PMM tested with 1000 nodes

Starting with PMM 1.13,  PMM uses Prometheus 2 for metrics storage, which tends to be heaviest resource consumer of CPU and RAM.  With Prometheus 2 Performance Improvements, PMM can scale to more than 1000 monitored nodes per instance in default configuration. In this blog post we will look into PMM scaling and capacity planning—how to estimate the resources required, and what drives resource consumption.

PMM tested with 1000 nodes

We have now tested PMM with up to 1000 nodes, using a virtualized system with 128GB of memory, 24 virtual cores, and SSD storage. We found PMM scales pretty linearly with the available memory and CPU cores, and we believe that a higher number of nodes could be supported with more powerful hardware.

What drives resource usage in PMM ?

Depending on your system configuration and workload, a single node can generate very different loads on the PMM server.
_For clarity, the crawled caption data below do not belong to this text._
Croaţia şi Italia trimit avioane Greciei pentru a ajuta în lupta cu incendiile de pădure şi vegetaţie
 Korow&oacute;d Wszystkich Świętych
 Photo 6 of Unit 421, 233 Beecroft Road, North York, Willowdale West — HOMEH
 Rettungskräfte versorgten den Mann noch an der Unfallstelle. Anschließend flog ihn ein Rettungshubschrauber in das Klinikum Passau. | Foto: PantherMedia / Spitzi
The main factors that impact the performance of PMM are:

  1. Number of samples (data points) injected into PMM per second
  2. Number of distinct time series they belong to (cardinality)
  3. Number of distinct query patterns your application uses
  4. Number of queries you have on PMM, through the user interface on the API, and their complexity

These specifically can be impacted by:

  • Software version – modern database software versions expose more metrics)
  • Software configuration – some metrics are only exposed in certain configuration
  • Workload – a large number of database objects and high concurrency will increase both the number of samples ingested and their cardinality.
  • Exporter configuration – disabling collectors can reduce amount of data collectors
  • Scrape frequency –  controlled by METRICS_RESOLUTION

All these factors together may impact resource requirements by a factor of ten or more, so do your own testing to be sure. However, the numbers in this article should serve as good general guidance as a start point for your research.

On the system supporting 1000 instances we observed the following performance:

Performance PMM 1000 nodes load

As you can see, we have more than 2.000 scrapes/sec performed, providing almost two million samples/sec, and more than eight million active time series. These are the main numbers that define the load placed on Prometheus.

Capacity planning to scale PMM

Both CPU and memory are very important resources for PMM capacity planning. Memory is the more important as Prometheus 2 does not have good options for limiting memory consumption. If you do not have enough memory to handle your workload, then it will run out of memory and crash.

We recommend at least 2GB of memory for a production PMM Installation. A test installation with 1GB of memory is possible. However, it may not be able to monitor more than one or two nodes without running out of memory. With 2GB of memory you should be able to monitor at least five nodes without problem.

With powerful systems (8GB of more) you can have approximately eight systems per 1GB of memory, or about 15,000 samples ingested/sec per 1GB of memory.

To calculate the CPU usage resources required, allow for about 50 monitored systems per core (or 100K metrics/sec per CPU core).

One problem you’re likely to encounter if you’re running PMM with 100+ instances is the “Home Dashboard”. This becomes way too heavy with such a large number of servers. We plan to fix this issue in future releases of PMM, but for now you can work around it in two simple ways:

You can select the host, for example “pmm-server” in your home dashboard and save it, before adding a large amount of hosts to the system.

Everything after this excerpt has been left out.